Realizé la ceremonia de te, el gusto fué amargo como el de los tiempos que estamos viviendo, quizás el sabor feo de este te los reforzaba al igual que los conflictos que mis allegados no saben evitar.. tiempo de crítica... Quizás porque no tenga a nadie conmigo para hacerlo lo haga a libro abierto.

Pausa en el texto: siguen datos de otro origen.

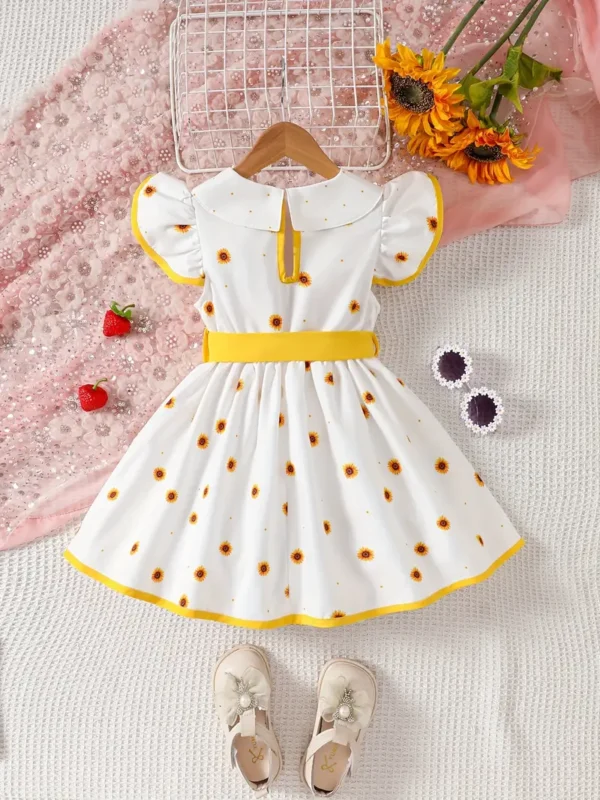 Robe décontractée à manches courtes et col mignon pour bébé Robe décontractée à manches courtes et col mignon pour bébé, motif fraise, robe pour bébé et petite fille pour un usage quotidien octobre 17, 2024 Kotazando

Si tengo que criticar a alguien lo haría sólo a dos personas y a una sola comunidad. Las dos personas son mi hermana mayor que yo y mi padre Rodolfo ambos no hacen más que juzgar y decir que soy culpable de la enfermedad del último hechando duras cargas sobre mí, algo contrario al Zen e incluso a cualquier religión razonable, tanto así que a veces ni siquiera me dejan respirar... y la comunidad son los vecinos de la cuadra donde vivo que miran mal y no se que murmurarán para sus adentros.
Ahora que volviendo a lo del te su ceremonial percibí los conflictos sociales a mi alrededor haciéndome uno con el Todo a travéz del sabor y comprendiendo el conciente colectivo de lucha por el papel moneda y los lugares políticos de sus elegidos a medida que enjuician a cualquiera para tenerlos bajo sus pies y sentirse a tiro para una posición irrupta que, luego de haber escuchado en boca de alguno de ellos que la locura colectiva no existe, agregaría que el puesto a ellos no les corresponde.